I was raised to be polite or I would have bolted out the door at this talk of miracles. Something held me to my seat.
“I was knocked out cold,” said Charlie. “How long? I don’t know. Ken had come back to the house to get some clothes and found me. It was Annie. She pushed me. She saved my life.”
“This deep belief that my young daughter had reached out to me from death sustained me through the painful withdrawal from alcohol. I could not throw away the gift she had given me. After thirty days in detox I went to live in a halfway house with other recovering addicts. For the first time in a decade I considered the infinite possibilities of a life free from alcohol. They told me alcohol was a disease of the body and an obsession of the mind. I could never drink again but I just had to not drink today.”
When Charlie took a sip of coffee I thought, “All I have is a couple of drunk driving arrests. Never drinking again seems harsh. I just won’t drink before I drive.”
“Alcohol robbed me of my ability to choose’” said Charlie. “I realize how little I can control and how much I have to accept. I had to forgive others if I expected forgiveness, but first I had to forgive myself. This is still hard. I had to square things with my family and husband, even though we remain separated. I had to stop denying I had a problem and ask for help. Sobriety opens up a life full of possibilities.”
“The key is, I couldn’t have done any of this without God. If I had to take on all my lies and destruction, and forgive people who have hurt me, not be angry or resentful, and never take one sip of alcohol, on my own, game over. They call it a ‘spiritual awakening.’ I call it a miracle.”
“This sounds like a cult,” I thought when Charlie finished. I looked for an exit, but the women were forming a circle to end the meeting. Wiping sweat off my hands, I slid in between Charlie and an old woman, scanning again for familiar faces. I didn’t want anyone to recognize me and think I have a drinking problem. After a few prayers, there was a buzz of conversation and another round of hugs. I waited outside the room for Charlie.
“Are you the one in charge? Court needs proof I’m going to meetings.”
“No one’s in charge, Sam, except the Higher Power that brought you here. Yes, I can sign.”
“That’s some story! You really haven’t had a drink in ten years? How’d you do it?”
“Like you do any challenging task: you read a large book a page at a time; climb a mountain a step at a time; eat a one-pound burger a bite at a time. We stay sober one day at a time. Just don’t drink today. Go to meetings. Find your Higher Power. Simple but difficult.”

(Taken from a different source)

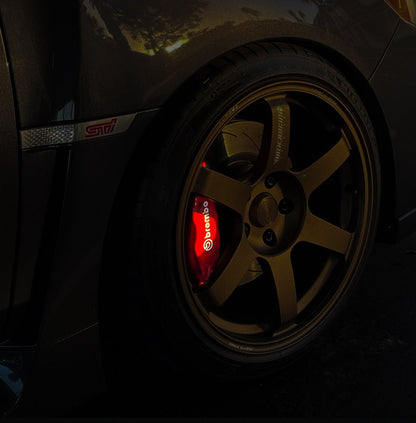 Subaru STI Reflective Pre-Cut Vinyl Kit 2008-2014 (New Release)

“All I have are a couple of D.U.I.’s,” I said. “Now I’m ordered to go to ninety meetings in ninety days. The stories you and the other women shared are so much worse than mine.”
“Those are called your ‘not yets’…”, said Charlie. “Don’t take my word for it, take theirs.” She passed a small navy- blue book to me. “Keep comin’ back,” she said.
Alcoholics Anonymous. I opened the book. The top of the page read “There is a Solution.” I needed eighty-nine more signatures.